FAQ: How does indexing work? What are IFilters and Protocol Handlers?

by Brandon on June 20th, 2007

The Indexer 

At its core, the Windows Search indexer doesn’t really know anything about files, e-mails, or anything like that.  In fact, all it really knows is how to do the following things:

  1. Index contents and metadata associated with a URL and store it in a row.
  2. Retrieve rows that match a specific query.
  3. Shape the results in interesting ways (sorted, grouped, etc)
  4. Retrieve properties / metadata associated with a row.

The indexer relies on other Windows Search components to handle the specifics, such as converting a URL into data to be indexed.  That’s where Protocol Handlers, IFilters, and Property Handlers come in.

Protocol Handlers

Protocol Handler allows the indexer to crawl a specific kind of data store.  For example, the File System Protocol Handler allows the indexer to crawl files stored on your hard drive.  Windows Search includes a few Protocol Handlers including those for the File System, MAPI (ie. Outlook), and the Client-Side Cache for Offline Files (Vista only).  Other examples include the Protocol Handlers for Lotus Notes, the IE History / Cache, or Mozilla Thunderbird.

At a basic level, a Protocol Handler is just a piece of code that takes as input a URL (like “file://C:/Foo/” or “mapi://{USER-SID}/Brandon’s Mailbox/Inbox”) and performs two important tasks:

  1. Enumeration of child URLs (such as “file://C:/Foo/Bar/” or “file://C:/Foo/Bar/Taxes.docx”)
  2. Binding of URLs to either an IFilter, or a Stream (which can be bound to whatever IFilter is registered for its content type)

IFilters

An IFilter is responsible for taking an item such as a file (usually in the form of a Stream) and emitting the contents and properties of that item for indexing.

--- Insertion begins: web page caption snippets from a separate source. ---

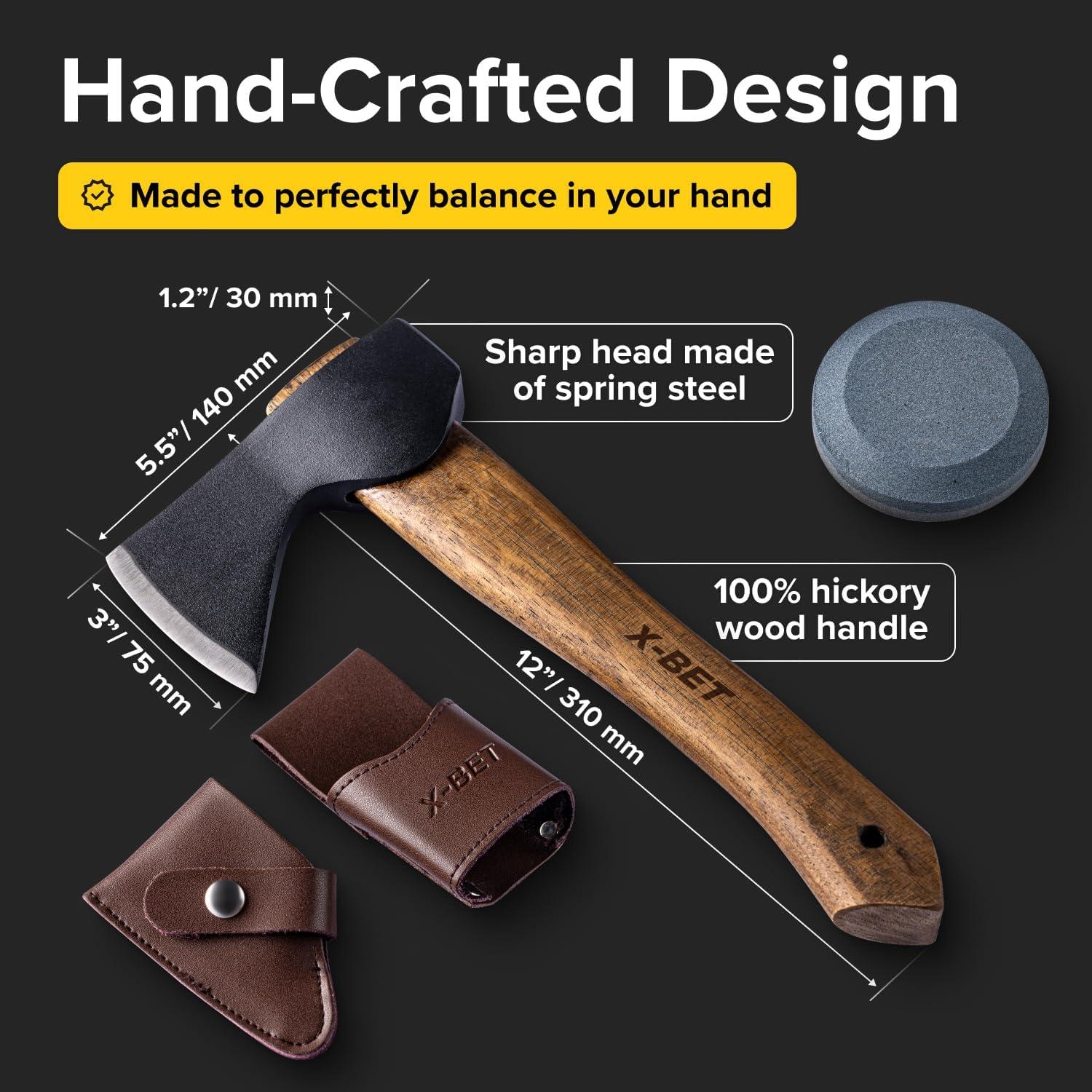 Hacha Forjada a Mano X-bet MAGNET 30.48 cm con Funda y Afilador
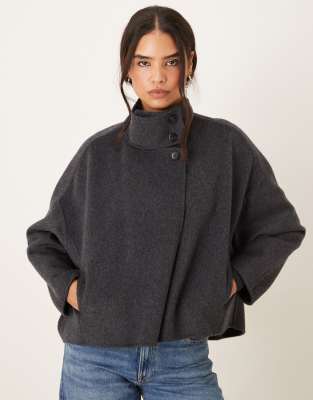 Mango Wool Mix Funnel Neck Relaxed Short Jacket In Blue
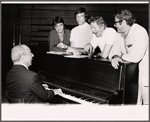 Richard Rodgers, Martin Charnin, Joe Layton, Danny Kaye and Peter Stone in rehearsal for the stage production Two by Two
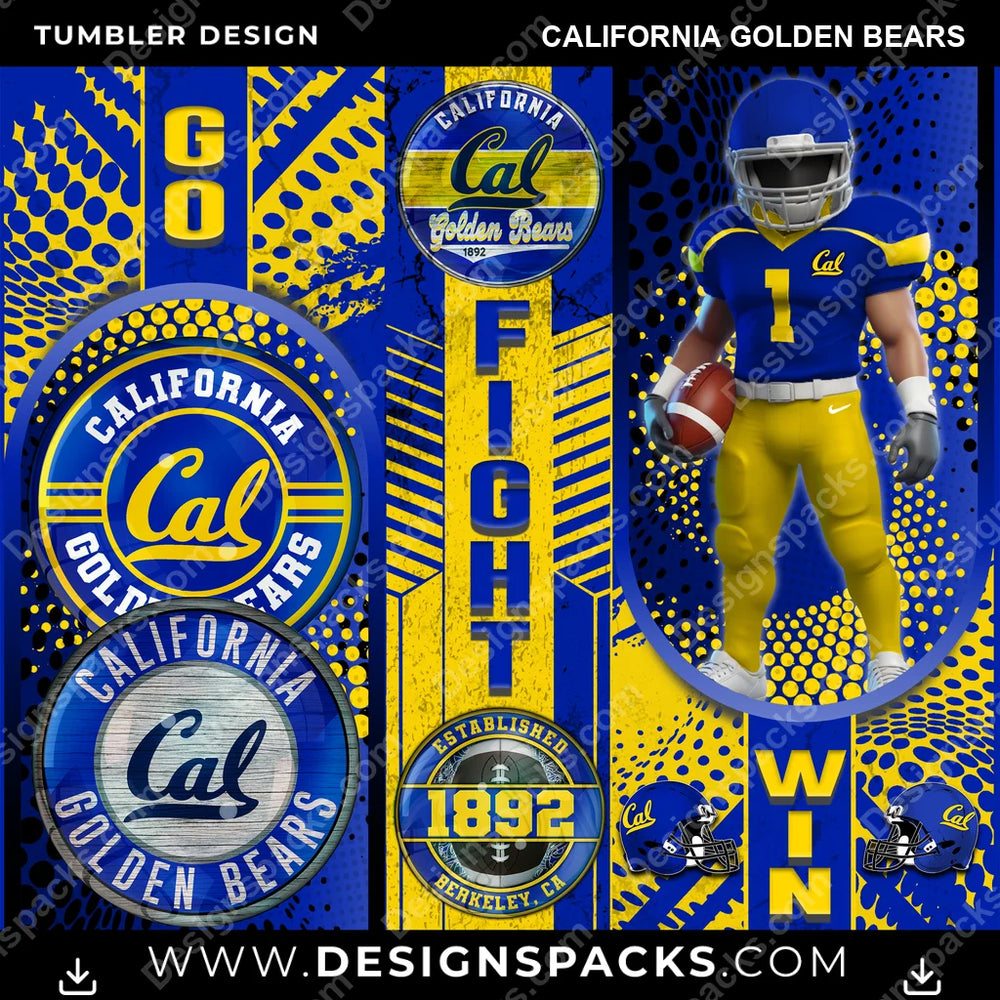 College Sport Go Fight Win California Golden Bears NCAA College Sport Tumbler Digital Wrap Design Download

For example, the MS Word IFilter knows how to take the stream from a .DOC or .DOCX file and return both the contents and useful properties (like the author’s name or the date it was last modified) into the index.

Property Handlers

Property Handlers are similar to IFilters, except that they’re designed to simply return properties for items and not complex textual content.

From → WDS FAQ

14 Comments
  1. marcovanschagen permalink

    Brandon,
    Great article!

    I have been working to release DWG IFilter 2007, to enable users to search within AutoCAD DWG files. I am collecting much general support information and information in IFilters on the support site htp://www.dwgifilter.com . I am trying to post general spect, registry settings, and all how and why-info around IFilters that may be helpful to the usrs.
    Also, at that location you can sownload a free trial.

    Marco

  2. Sorry ot post this here but if you are on the WDS team you need to know that

    #1) Outlook 2007 bugs me to install WDS
    #2) Install WDS and it DOES NOT INDEX MY EMAIL

    My .PST file is not in the default place. I moved it 12+ years ago and have kept it here ever since. I my case d:\work\email\mymail.pst. I also have an archieve.pst in the same folder which is accessable from Outlook. WDS didn’t index that either.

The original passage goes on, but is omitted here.